Lightweight Neural Basis Functions (NBF) — Minimal Reproduction

This repo implements a minimal reproduction of "Lightweight Neural Basis Functions for All-Frequency Shading" (SIGGRAPH Asia 2022). It trains a compact neural basis over the sphere to:

• Represent spherical signals (lighting, visibility-like, BRDF-like).
• Support fast Double/Triple Product Integrals (DPI/TPI) in coefficient space.

Key ideas:

• A small shared MLP outputs B basis channels per direction ω ∈ S².
• Any function f(ω) is projected to coefficients c via least squares on sample directions.
• Precompute G_ij = ∫ φ_i φ_j and T_ijk = ∫ φ_i φ_j φ_k to evaluate:
  • DPI: ∫ f g ≈ c_f^T G c_g
  • TPI: ∫ f g h ≈ Σ_{ijk} c_f[i] c_g[j] c_h[k] T_{ijk}
• Orthonormalization/whitening makes G ≈ I to stabilize and reduce runtime cost.

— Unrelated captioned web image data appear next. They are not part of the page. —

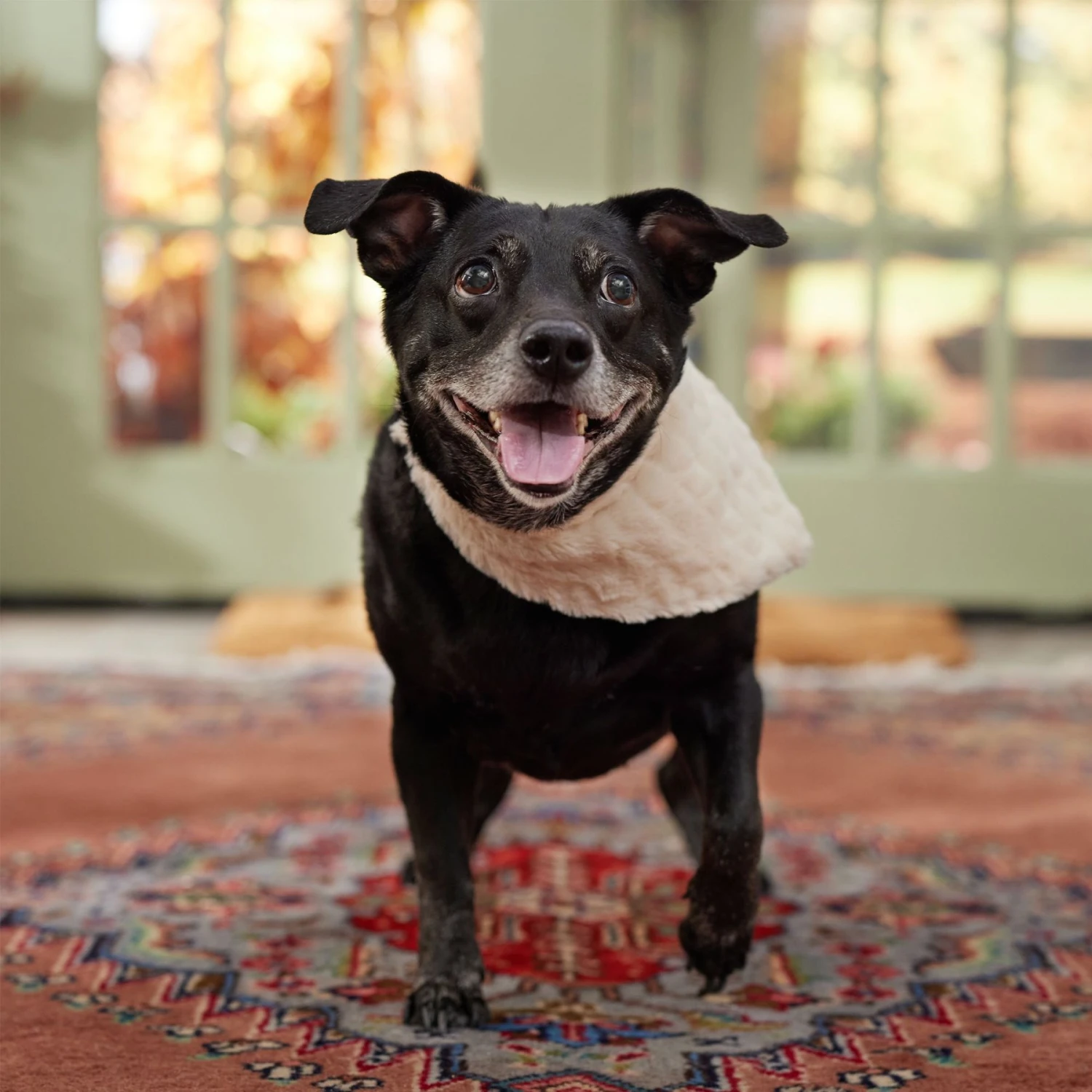 Frisco Solid Faux Fur Dog & Cat Bandana 7 Frisco Solid Faux Fur Dog & Cat Bandana - Image 5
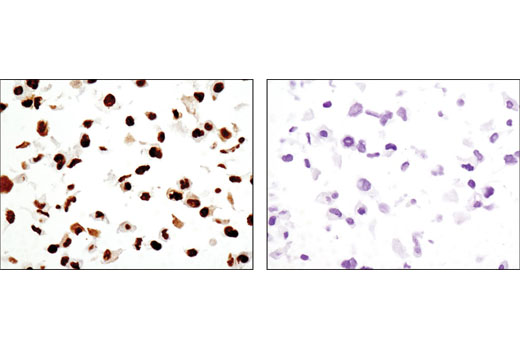 Immunohistochemistry Image 2: DNA-PKcs (3H6) Mouse mAb (BSA and Azide Free)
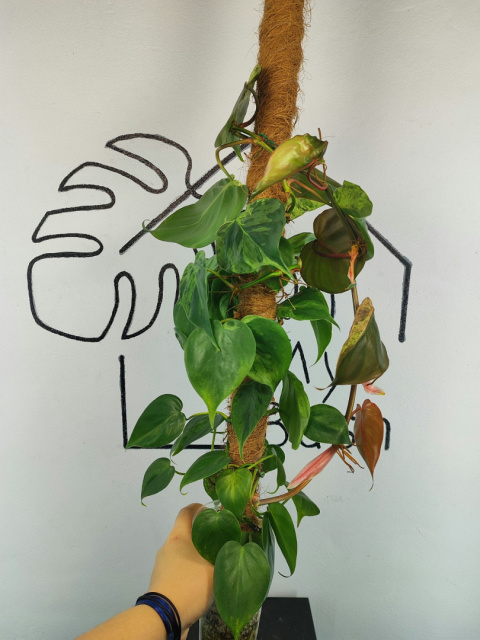 Philodendron Hederaceum var. Oxycardium Variegata | Sadzonka 4 | 65cm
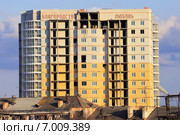 Благородство и любовь на фасаде здания (2014 год). Стоковое фото, фотограф Анатолий Матвейчук / Фотобанк Лори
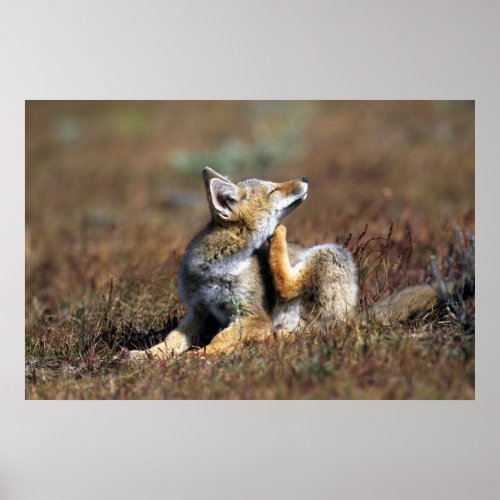 Young Gray Fox at Torres Del Paine National Park Poster
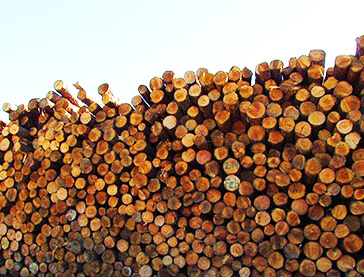 Large Pile of Lumber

This is a simplified, research-oriented reproduction—not an engine integration. It focuses on correctness and clarity rather than peak performance.

Environment

• Python 3.10+
• CUDA optional (recommended)
• PyTorch 2.1+

pip install -r requirements.txt

Quick start

1. Train neural basis (B=32 by default):

python scripts/train_nbf.py --out_dir outputs/nbf_b32 --basis_dim 32 --epochs 10 --device cuda

2. Precompute integrals (G, T) with Monte Carlo on S²:

python scripts/precompute_integrals.py --ckpt outputs/nbf_b32/nbf.pt --out_dir outputs/nbf_b32 --num_samples 65536 --device cuda

3. Run demo: project random spherical signals, compare DPI/TPI via coeff-space vs MC ground-truth:

python scripts/demo_all_frequency_shading.py --ckpt outputs/nbf_b32/nbf.pt --precomp outputs/nbf_b32/precomp.npz --num_funcs 8 --num_samples_mc 131072 --device cuda

Artifacts:

• outputs/nbf_b32/nbf.pt: trained model
• outputs/nbf_b32/whiten.npz: whitening matrix A s.t. A G A^T ≈ I
• outputs/nbf_b32/precomp.npz: G, T in whitened basis

What this reproduction includes

• A trainable neural basis φ(ω) ∈ R^B via small MLP with Fourier features.
• Synthetic data generators for spherical signals:
  • Spherical Gaussians (von Mises-Fisher-like)
  • Sharp visibility-like masks
  • BRDF-like lobes (Phong-like)
• Loss terms:
  • Reconstruction loss for random target functions
  • Optional DPI/TPI consistency loss
• Orthonormalization/whitening step post-training
• Monte Carlo precomputation for G, T
• Coefficient projection and fast DPI/TPI in coefficient space

Notes and limitations

• T tensor scales as O(B^3). Keep B small (e.g., 16-48) unless you add tensor decompositions (CP/Tucker).
• Monte Carlo integration variance diminishes with larger sample counts; adjust --num_samples accordingly.
• This is a simplified reproduction for educational purposes. Production integration would:
  • Use richer datasets (HDR envmaps, real BRDFs, visibility from geometry)
  • Add better losses, curriculum, and numerical stabilizers
  • Use tensor decompositions and block-sparsity

License

MIT